Convex Sets and Functions
Optimization is hard for
one reason above all others: a landscape can hide many local minima, and standing in one you cannot
see whether a deeper valley lies beyond the ridge. Convexity is the magic property
that makes this fear vanish. In a convex problem there is only one valley — so any minimum
you find is the minimum. Half of optimization is really about recognising, or engineering,
convexity.
Two objects wear the name. A convex set is a region with no dents: pick any two
points in it and the straight segment joining them stays entirely inside.
A set C \subseteq \mathbb{R}^n is convex if for all
\mathbf{x}, \mathbf{y} \in C and every
\lambda \in [0, 1],
\lambda\mathbf{x} + (1-\lambda)\mathbf{y} \in C.
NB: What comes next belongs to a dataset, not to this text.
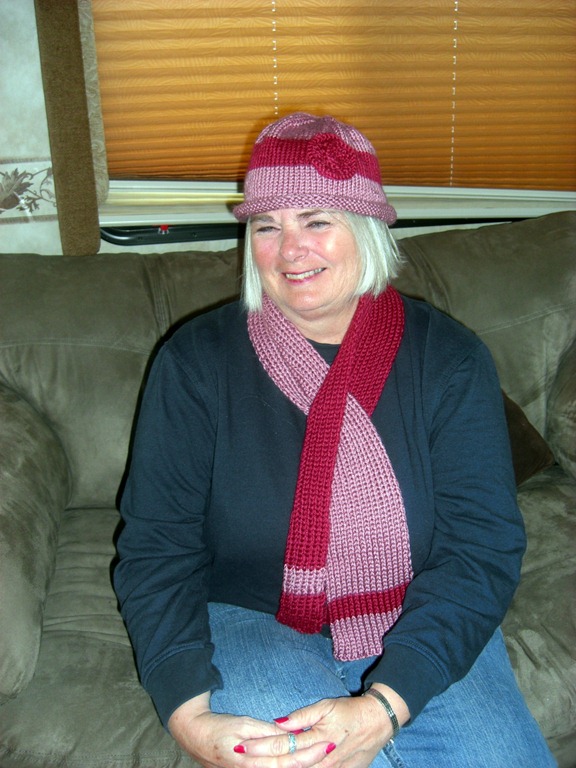 [KeyHoleScarf-Hat%25202%255B4%255D.jpg]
The expression \lambda\mathbf{x} + (1-\lambda)\mathbf{y} is a
convex combination — it sweeps out the whole line segment from
\mathbf{y} (at \lambda = 0) to
\mathbf{x} (at \lambda = 1).
A disk, a filled triangle, a half-plane, a line, all of \mathbb{R}^n — all
convex. A crescent moon, a doughnut, an L-shape, a pair of separate blobs — not convex, because some
chord pokes outside. Crucially, the intersection of convex sets is convex, which is
why a feasible region cut out by many linear "\le" constraints (each a
convex half-space) is always a convex polytope.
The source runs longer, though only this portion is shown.